Battagliero presidente di Confartigianato, Giorgio Guerrini parla con la voce dei tanti piccoli imprenditori che nella riforma, così come è stata disegnata, vedono un laccio che rischia di strangolarli. «Bene o male in questi anni noi “piccoli” abbiamo ammortizzato la crisi: adesso ci arrivano fra capo e collo l’Aspi, cioè la nuova indennità di disoccupazione, una “tassa sui licenziamenti” che colpisce anche noi che non abbiamo l’articolo 18, l’aggravio dei costi sui contratti a termine e stagionali, in tutto più di 2 miliardi l’anno di maggiori oneri per il nostro settore.
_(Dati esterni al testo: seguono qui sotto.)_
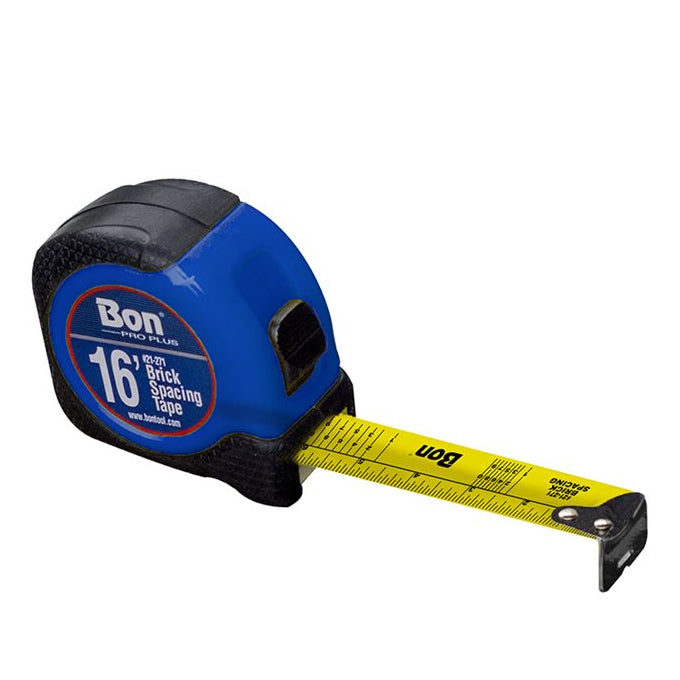 Ruban à mesurer Bon Pro Plus 16 pi à espacement de briques, boîtier bleu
Senza parlare della pressione fiscale al 45%, dell’Imu che costerà fino al 50% in più della vecchia Ici, del credito sempre più difficile: una mazzata insostenibile per chi sta facendo sacrifici da anni».
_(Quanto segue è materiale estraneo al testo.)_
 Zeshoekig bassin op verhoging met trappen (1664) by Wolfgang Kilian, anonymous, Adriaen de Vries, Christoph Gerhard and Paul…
Rete Imprese, l’organizzazione delle Pmi, ha in programma un incontro con il ministro Fornero: che proposte le farebbe? «Ci sono due partite che da oltre un decennio hanno attivi considerevoli: Inail e indennità malattie. Cioè i premi pagati da artigiani e commercianti sono largamente superiori rispetto alle prestazioni erogate: per dare un’idea, quasi un miliardo l’anno solo per l’Inail degli artigiani. Allora perché non controbilanciare i maggiori oneri da un lato con un taglio dei contributi dall’altro? Noi in azienda prima tagliamo i costi, e poi, se proprio è necessario, aumentiamo i prezzi: perchè il governo non fa altrettanto?».
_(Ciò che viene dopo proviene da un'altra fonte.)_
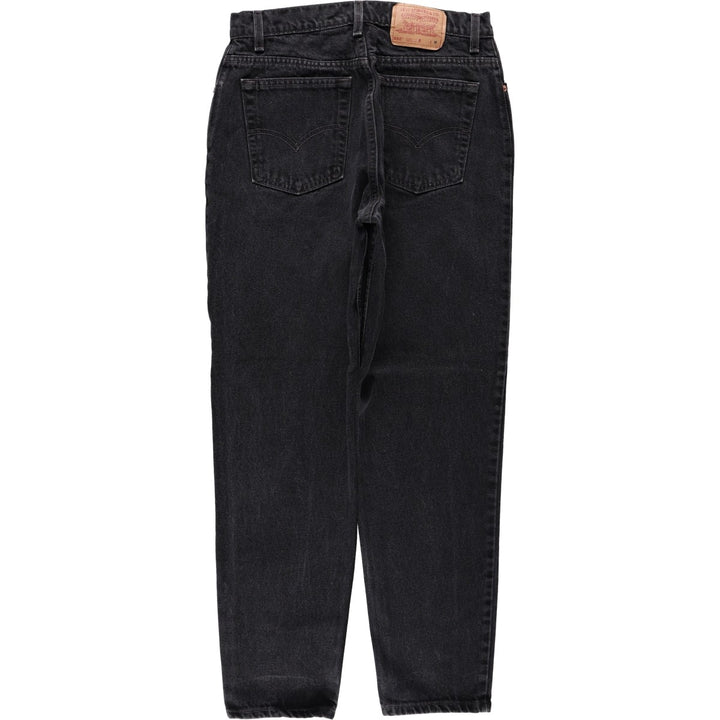 90'S Levi's 15551-0260 Relaxed Fit Tapered Leg Black Denim Tapered Denim Pants, Women's XL (W31 equivalent) cotton black type Vintage Second Hand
«Il costo del lavoro è enorme già ora - sottolinea Gianfranco Caporlingua, imprenditore edile- e penalizza non solo le imprese ma anche i lavoratori. Oggi un mio dipendente che prende uno stipendio di 1.600 euro netti al mese costa all’impresa 57mila euro l’anno. È un bravo lavoratore, mi ha chiesto un aumento e io sarei anche d’accordo: ma per dargli 100 euro in più in busta paga io come impresa ne devo spendere cinquemila in più all’anno. In questo momento, chi se lo può permettere? E come se non bastasse, si vuole aumentare ancora il costo dei contratti a termine: ma non otterranno lo scopo sperato». Cioè, non servirà a spostare l’ago della bilancia verso le assunzioni a tempo indeterminato? «Il problema è che oggi le aziende hanno paura di assumere, perché sanno che poi non esiste elasticità: è impossibile alleggerirsi, anche se il lavoro si riduce». E la modifica dell’articolo 18? «A parte il fatto che per la maggior parte delle imprese è un problema tutt’altro che sentito, vorrei ricordare che le aziende, se hanno lavoro, assumono e hanno interesse a farlo. Adesso, certo, c’è la crisi: ma non è che si possono fare le riforme solo per la crisi». Se la riforma la facesse lei, su cosa punterebbe? «Sulla semplicità, sia di dare lavoro che di prenderne. Non dimentichiamoci che quando un’azienda dimagrisce ce n’è un’altra che si allarga: la flessibilità dovrebbe andare in questa direzione, tra le imprese, come avviene all’estero».
Paolo Galassi è il presidente di Confapi, la confederazione delle pmi manifatturiere, ma è soprattutto imprenditore di quarta generazione, nel settore chimico e metalmeccanico. E ha diversi sassolini da togliersi dalle scarpe: «Le aziende che hanno fatto innovazione sono penalizzate dalle tasse e dal costo della manodopera, che per un’impresa che ha dieci o quindici dipendenti pesa di più rispetto alle grandi aziende. E se chi è orientato soprattutto all’export si difende, chi lavora per il mercato interno non ha scampo, perché il consumatore italiano ha perso potere d’acquisto e ha un obiettivo solo: spendere meno possibile». Lo dimostra la crisi dei negozi tradizionali, soppiantati dalla concorrenza cinese a basso costo.

«Di questo, la riforma non tiene conto - commenta Galassi - Va bene estendere a tutti i settori produttivi la contribuzione per gli ammortizzatori sociali, perché se siamo in tanti a pagare spenderemo meno, almeno spero: ma se non si aumenta il Pil le imprese muoiono. Tant’è vero che il 53% dei nostri associati teme di dover licenziare. Il governo ha difeso l’Italia in Europa dall’emergenza finanziaria, ma adesso le risorse vanno date al mondo del lavoro».